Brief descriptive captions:

# # # # #

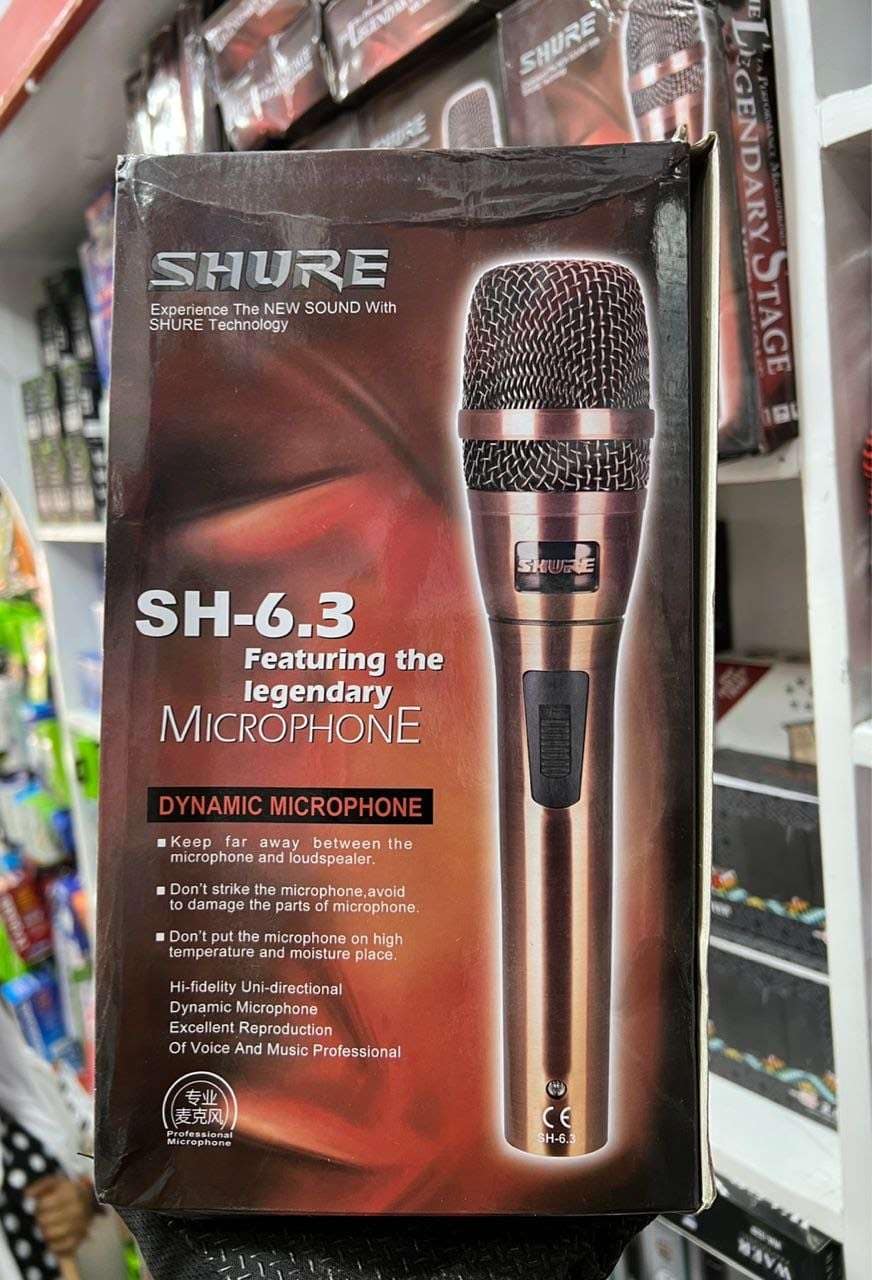 Shure Dynamic microphone - Tsh 40000 now available in Sambazah in Tanzania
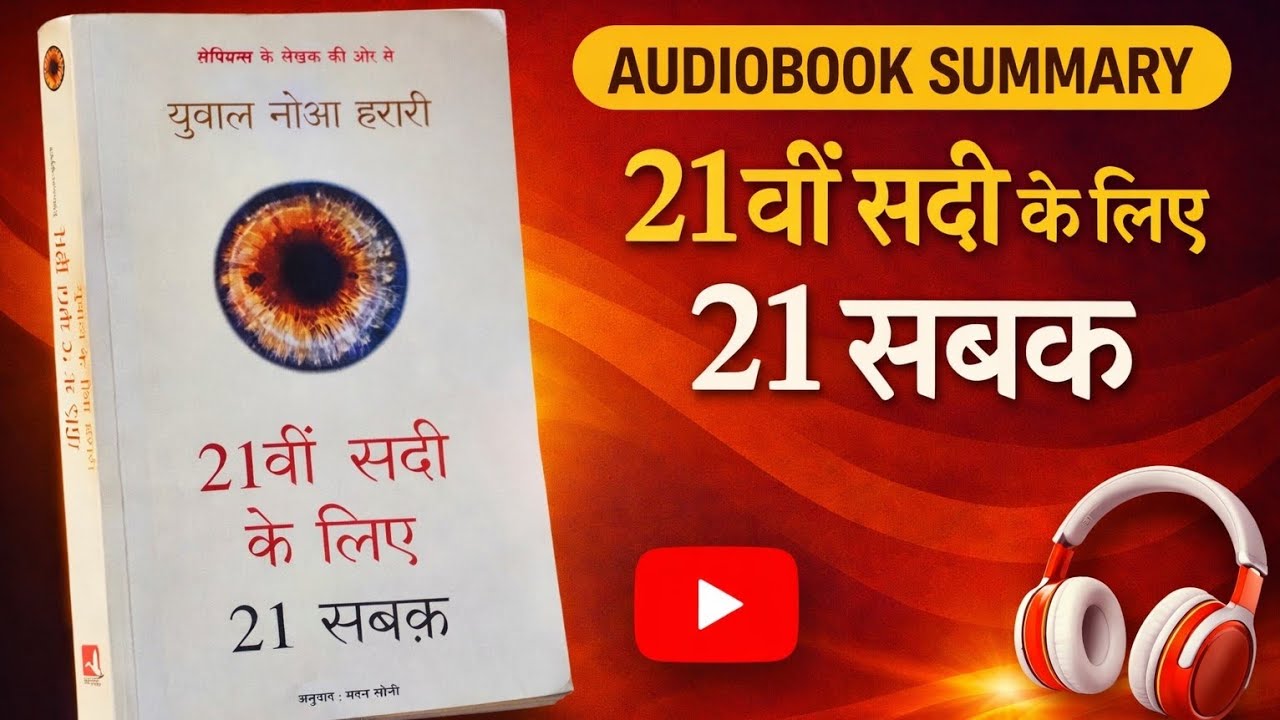 21वीं Sadi ke log 21 sabak Audio Book 📖 Summary Hindi Me भविष्य टेक्नोलॉजी और इंसानियत 21 सबक का 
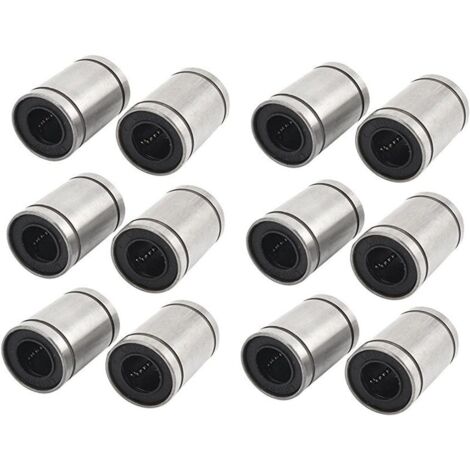 12Pcs LM8UU Linear Bearings for 3D Printer, RepRap Prusa Mendel DIY CNC Motion, Prusa Mendel, Reprap (8mm x 15mm x 24mm) (1/5)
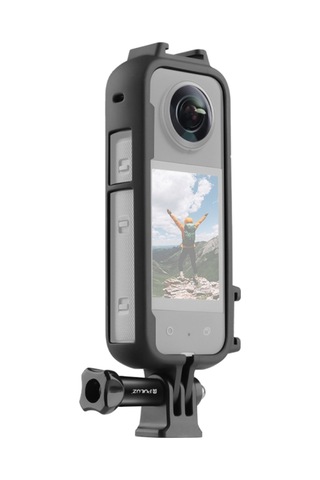 Springsun Puluz Panorama Kamera Koruyucu Çerçeve Video Kafesi Çift Soğuk Ayakkabı Tripod Adaptörü Montajlı Kamera Vlog Aksesuarları Insta360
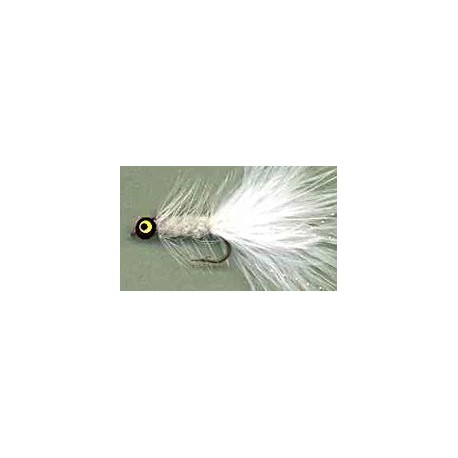 Streamers deepwater white woolly bugger button $2.64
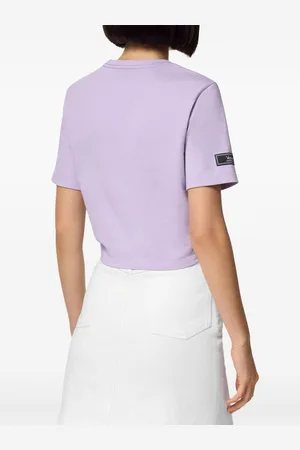 VERSACE Safety Pin cropped T-shirt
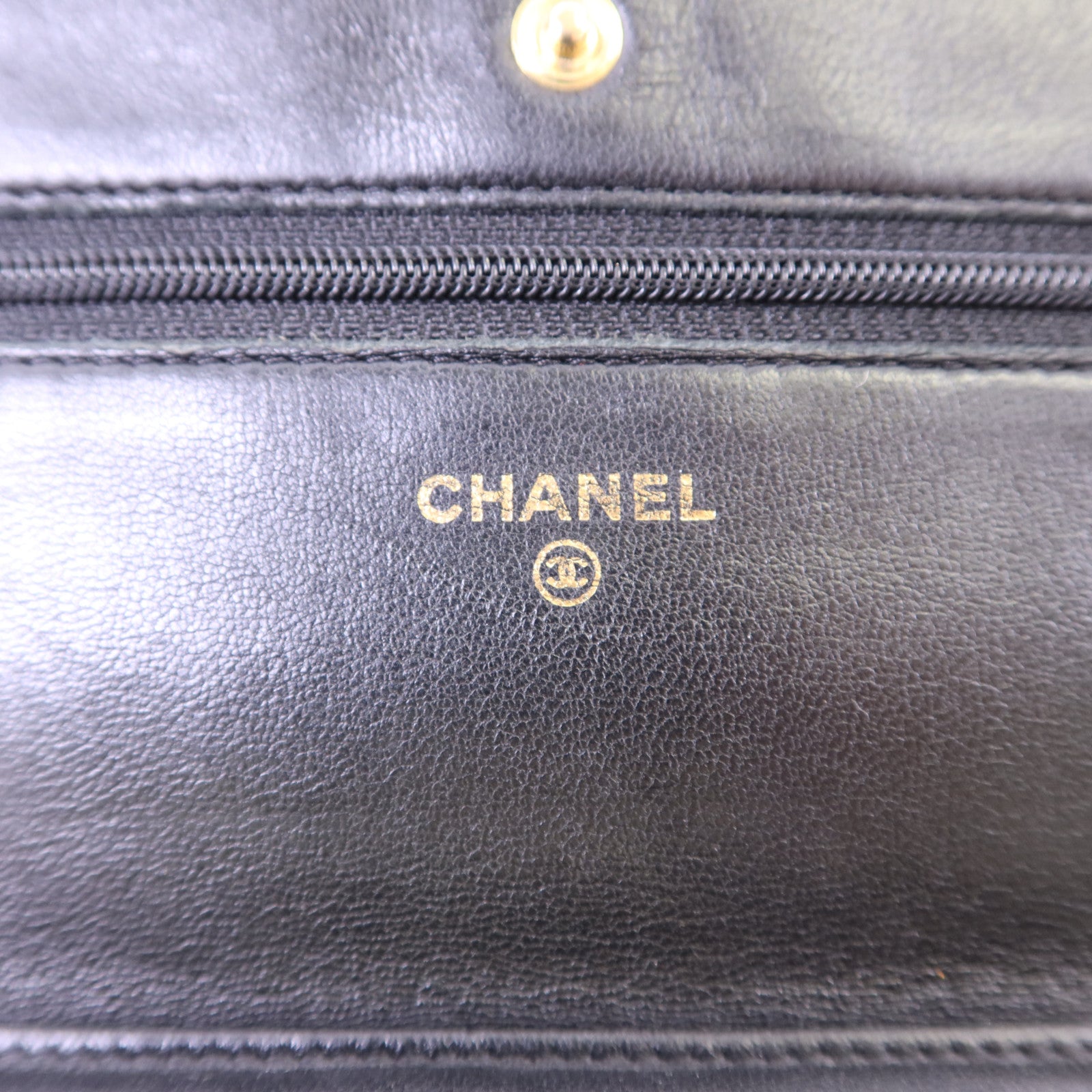 CHANEL 羊皮皮革WOC Wallet On Chain金扣鏈帶肩背袋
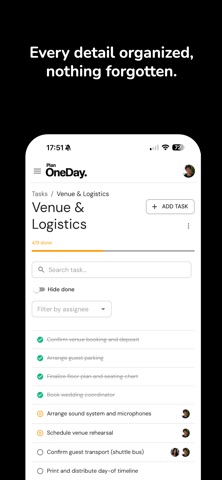 PlanOneDay: Event Planner Screenshot 6 of 10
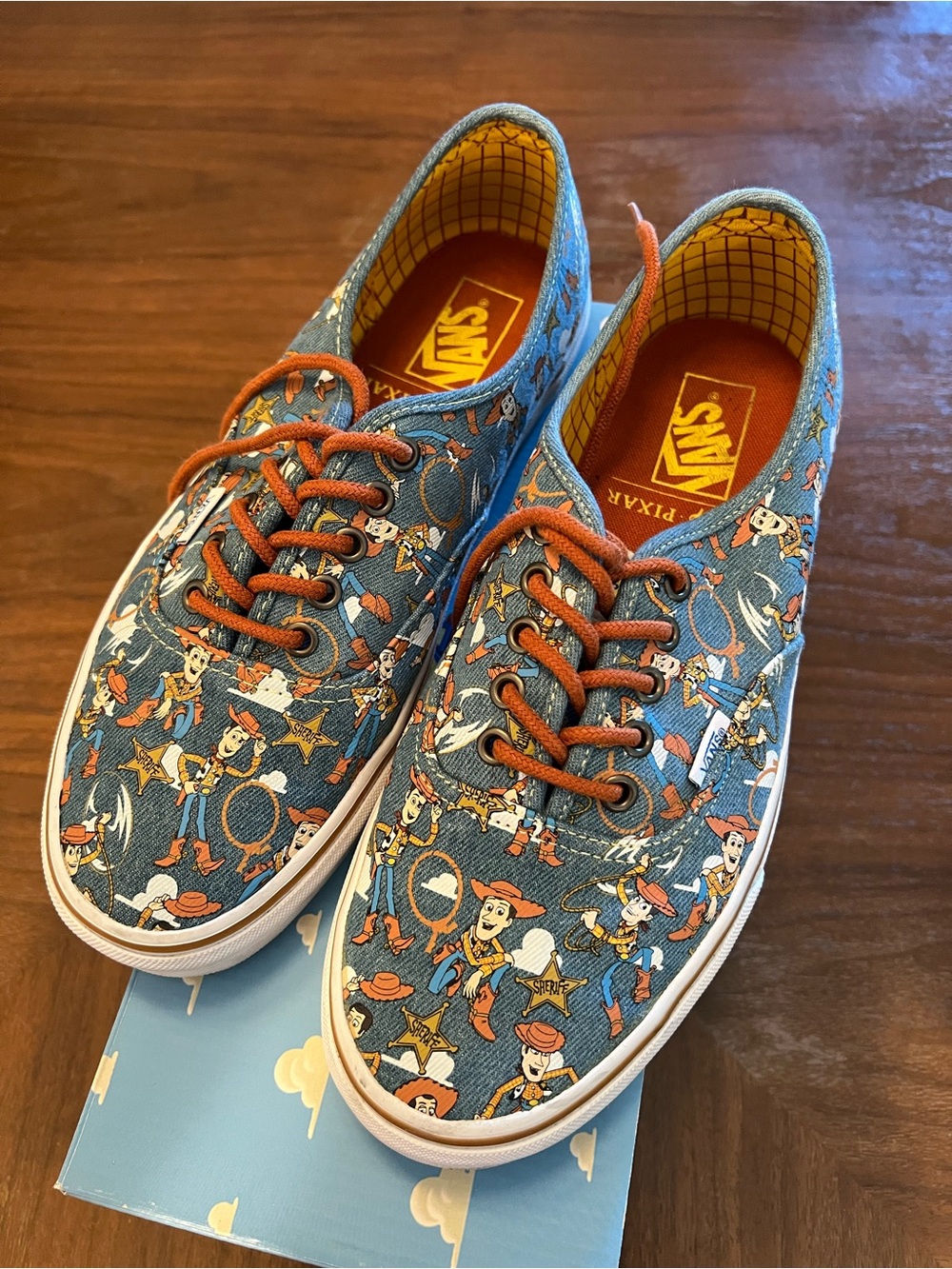 Vans x Disney Blue Toy Story Woody Canvas Sneakers men’s size 10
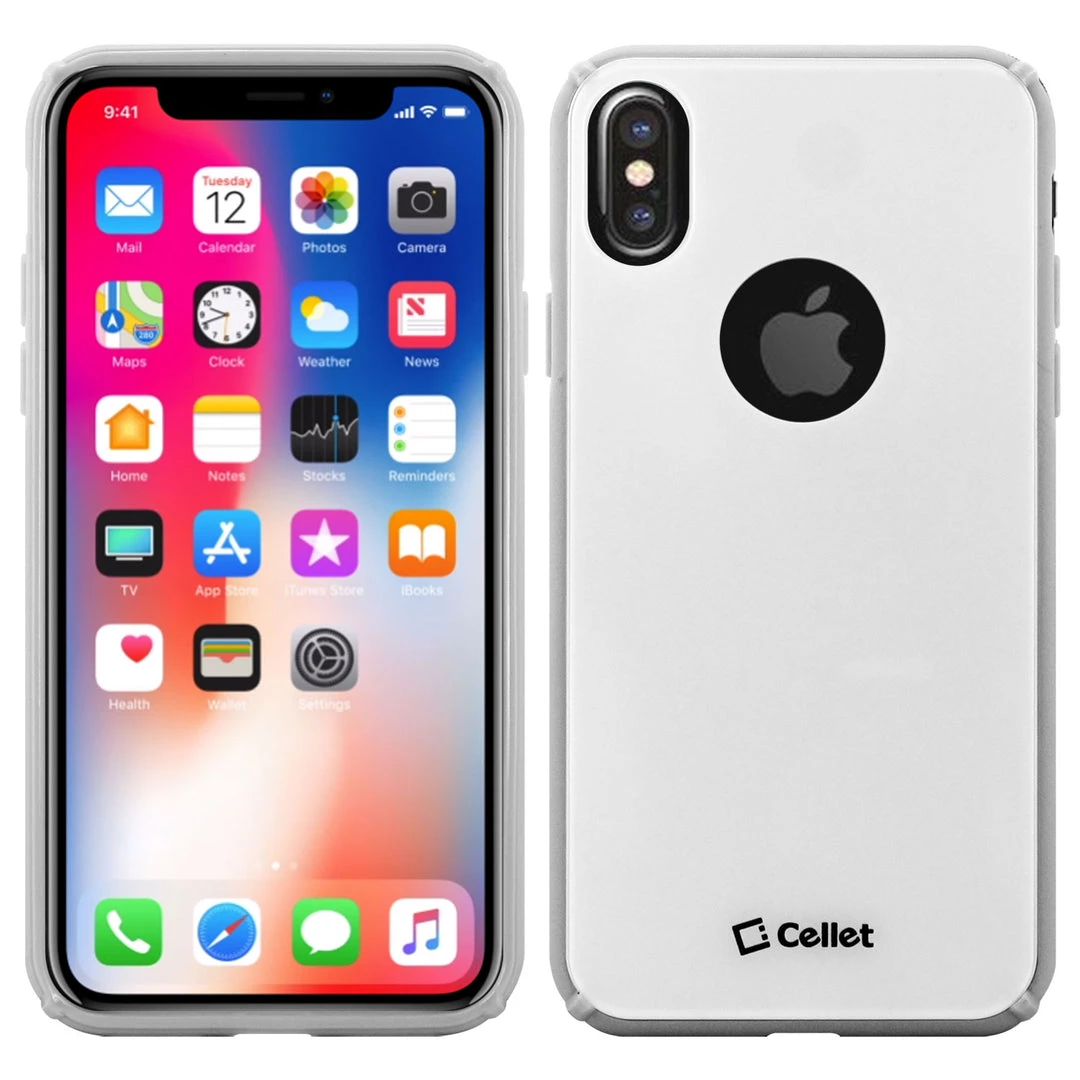 Cellet Full Catalog CCIPHX81WT - IPhone X Case, Slim Hard Case TPU And Durable PC Plastic That Provides All-Around Protection - White 8 Cellet Full Catalog CCIPHX81WT - IPhone X Case, Slim Hard Case TPU And Durable PC Plastic That Provides All-Around Protection - White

# # # # #

Exercise description
For this exercise, repeat word for word only the lines from the one containing "Vans x Disney" through the end of the data, including both. Pictures do not go in the copy.

Solution
 Vans x Disney Blue Toy Story Woody Canvas Sneakers men’s size 10
 Cellet Full Catalog CCIPHX81WT - IPhone X Case, Slim Hard Case TPU And Durable PC Plastic That Provides All-Around Protection - White 8 Cellet Full Catalog CCIPHX81WT - IPhone X Case, Slim Hard Case TPU And Durable PC Plastic That Provides All-Around Protection - White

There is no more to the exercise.